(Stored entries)
Content starts

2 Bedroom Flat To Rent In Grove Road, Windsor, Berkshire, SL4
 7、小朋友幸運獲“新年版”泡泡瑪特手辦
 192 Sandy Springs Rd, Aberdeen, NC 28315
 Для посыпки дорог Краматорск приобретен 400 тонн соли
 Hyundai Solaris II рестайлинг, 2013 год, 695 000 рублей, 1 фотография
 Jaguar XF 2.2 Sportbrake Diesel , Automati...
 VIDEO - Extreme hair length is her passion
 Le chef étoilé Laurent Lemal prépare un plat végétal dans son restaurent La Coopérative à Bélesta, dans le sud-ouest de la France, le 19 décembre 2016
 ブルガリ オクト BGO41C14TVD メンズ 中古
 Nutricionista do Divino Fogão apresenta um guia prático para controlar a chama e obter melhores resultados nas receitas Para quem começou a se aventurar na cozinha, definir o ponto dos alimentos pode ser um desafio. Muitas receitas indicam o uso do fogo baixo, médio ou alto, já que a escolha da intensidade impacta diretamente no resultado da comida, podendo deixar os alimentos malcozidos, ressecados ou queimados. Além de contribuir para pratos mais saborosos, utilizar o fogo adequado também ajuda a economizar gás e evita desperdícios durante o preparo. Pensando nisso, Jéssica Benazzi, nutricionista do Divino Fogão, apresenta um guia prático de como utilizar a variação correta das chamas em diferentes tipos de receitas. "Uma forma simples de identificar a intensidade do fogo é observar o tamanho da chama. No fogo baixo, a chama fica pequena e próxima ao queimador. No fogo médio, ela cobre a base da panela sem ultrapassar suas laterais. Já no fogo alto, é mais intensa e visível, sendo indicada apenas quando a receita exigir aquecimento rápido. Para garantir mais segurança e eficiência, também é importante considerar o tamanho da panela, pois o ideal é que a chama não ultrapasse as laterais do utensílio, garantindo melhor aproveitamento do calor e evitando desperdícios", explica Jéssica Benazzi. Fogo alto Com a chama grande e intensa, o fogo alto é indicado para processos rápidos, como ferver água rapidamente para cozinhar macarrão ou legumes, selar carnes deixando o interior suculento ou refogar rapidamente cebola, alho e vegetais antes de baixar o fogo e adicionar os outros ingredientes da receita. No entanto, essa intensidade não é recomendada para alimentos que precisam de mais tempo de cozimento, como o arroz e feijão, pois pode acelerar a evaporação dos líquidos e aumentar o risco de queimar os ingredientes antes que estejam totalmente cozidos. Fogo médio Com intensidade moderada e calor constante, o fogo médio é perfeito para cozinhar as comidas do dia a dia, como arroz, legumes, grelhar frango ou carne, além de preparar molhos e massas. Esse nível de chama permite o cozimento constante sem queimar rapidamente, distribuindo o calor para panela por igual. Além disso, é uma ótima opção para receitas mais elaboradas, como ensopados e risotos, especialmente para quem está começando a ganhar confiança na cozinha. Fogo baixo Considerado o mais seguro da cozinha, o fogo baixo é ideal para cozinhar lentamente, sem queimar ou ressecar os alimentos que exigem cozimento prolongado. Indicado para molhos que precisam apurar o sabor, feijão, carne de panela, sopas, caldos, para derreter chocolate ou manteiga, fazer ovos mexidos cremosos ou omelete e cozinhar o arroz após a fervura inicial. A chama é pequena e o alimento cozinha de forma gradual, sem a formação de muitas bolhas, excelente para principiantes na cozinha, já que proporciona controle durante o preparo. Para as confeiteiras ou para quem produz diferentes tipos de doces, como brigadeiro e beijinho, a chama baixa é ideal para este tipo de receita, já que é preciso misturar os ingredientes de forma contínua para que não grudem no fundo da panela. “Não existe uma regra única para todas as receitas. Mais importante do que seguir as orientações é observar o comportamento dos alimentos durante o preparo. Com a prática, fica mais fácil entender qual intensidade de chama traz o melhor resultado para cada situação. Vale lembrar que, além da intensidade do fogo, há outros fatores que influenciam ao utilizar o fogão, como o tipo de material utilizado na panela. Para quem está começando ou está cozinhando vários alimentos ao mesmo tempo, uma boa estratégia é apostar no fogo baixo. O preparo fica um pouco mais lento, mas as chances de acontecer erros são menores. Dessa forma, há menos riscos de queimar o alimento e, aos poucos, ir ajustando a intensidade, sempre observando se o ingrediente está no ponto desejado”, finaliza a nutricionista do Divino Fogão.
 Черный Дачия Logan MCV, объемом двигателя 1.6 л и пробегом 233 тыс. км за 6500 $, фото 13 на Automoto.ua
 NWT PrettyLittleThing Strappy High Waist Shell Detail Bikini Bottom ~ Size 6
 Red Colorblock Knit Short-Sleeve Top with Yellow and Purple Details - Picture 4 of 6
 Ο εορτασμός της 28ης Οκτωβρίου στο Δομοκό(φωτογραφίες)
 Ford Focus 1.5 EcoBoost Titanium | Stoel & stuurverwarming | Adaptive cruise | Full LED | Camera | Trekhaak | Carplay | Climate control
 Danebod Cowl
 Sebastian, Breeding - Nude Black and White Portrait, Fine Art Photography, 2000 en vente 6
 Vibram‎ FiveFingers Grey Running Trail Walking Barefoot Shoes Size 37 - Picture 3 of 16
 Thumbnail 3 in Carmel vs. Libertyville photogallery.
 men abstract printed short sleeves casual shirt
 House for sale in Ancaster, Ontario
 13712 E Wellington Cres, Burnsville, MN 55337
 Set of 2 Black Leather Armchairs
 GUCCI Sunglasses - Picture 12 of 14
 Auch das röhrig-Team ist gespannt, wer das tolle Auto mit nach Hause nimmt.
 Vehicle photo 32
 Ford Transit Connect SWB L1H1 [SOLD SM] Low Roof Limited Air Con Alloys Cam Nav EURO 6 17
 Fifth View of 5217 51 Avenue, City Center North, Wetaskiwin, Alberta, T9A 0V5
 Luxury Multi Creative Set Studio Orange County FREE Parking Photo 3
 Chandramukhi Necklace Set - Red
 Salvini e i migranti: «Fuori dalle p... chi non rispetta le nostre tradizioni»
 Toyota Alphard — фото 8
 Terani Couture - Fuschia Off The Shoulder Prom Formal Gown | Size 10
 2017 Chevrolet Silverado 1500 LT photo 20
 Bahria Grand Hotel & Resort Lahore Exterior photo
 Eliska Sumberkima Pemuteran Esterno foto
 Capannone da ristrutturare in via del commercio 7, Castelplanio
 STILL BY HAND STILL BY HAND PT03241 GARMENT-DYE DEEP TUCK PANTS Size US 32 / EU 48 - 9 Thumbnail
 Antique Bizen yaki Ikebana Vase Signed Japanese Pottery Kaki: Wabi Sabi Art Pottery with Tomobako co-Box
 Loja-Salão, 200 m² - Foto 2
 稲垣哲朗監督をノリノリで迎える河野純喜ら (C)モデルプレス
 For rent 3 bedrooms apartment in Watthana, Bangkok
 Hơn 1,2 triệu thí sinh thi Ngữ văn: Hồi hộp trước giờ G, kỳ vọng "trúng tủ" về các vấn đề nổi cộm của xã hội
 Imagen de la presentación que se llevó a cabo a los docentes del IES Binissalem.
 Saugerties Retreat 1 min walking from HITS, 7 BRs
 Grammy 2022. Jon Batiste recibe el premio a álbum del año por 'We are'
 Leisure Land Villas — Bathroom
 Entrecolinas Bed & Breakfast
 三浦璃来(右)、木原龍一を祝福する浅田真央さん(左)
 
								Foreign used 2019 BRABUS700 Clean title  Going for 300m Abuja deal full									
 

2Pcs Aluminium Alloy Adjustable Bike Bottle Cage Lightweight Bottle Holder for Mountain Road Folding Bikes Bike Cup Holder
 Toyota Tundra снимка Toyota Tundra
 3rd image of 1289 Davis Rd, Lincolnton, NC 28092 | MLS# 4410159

Content ends

_Work to complete:_ Quote verbatim the line containing "Hơn 1,2 triệu" and every line after it through the end of the records above.

_Response:_
 Hơn 1,2 triệu thí sinh thi Ngữ văn: Hồi hộp trước giờ G, kỳ vọng "trúng tủ" về các vấn đề nổi cộm của xã hội
 Imagen de la presentación que se llevó a cabo a los docentes del IES Binissalem.
 Saugerties Retreat 1 min walking from HITS, 7 BRs
 Grammy 2022. Jon Batiste recibe el premio a álbum del año por 'We are'
 Leisure Land Villas — Bathroom
 Entrecolinas Bed & Breakfast
 三浦璃来(右)、木原龍一を祝福する浅田真央さん(左)
 
								Foreign used 2019 BRABUS700 Clean title  Going for 300m Abuja deal full									
 

2Pcs Aluminium Alloy Adjustable Bike Bottle Cage Lightweight Bottle Holder for Mountain Road Folding Bikes Bike Cup Holder
 Toyota Tundra снимка Toyota Tundra
 3rd image of 1289 Davis Rd, Lincolnton, NC 28092 | MLS# 4410159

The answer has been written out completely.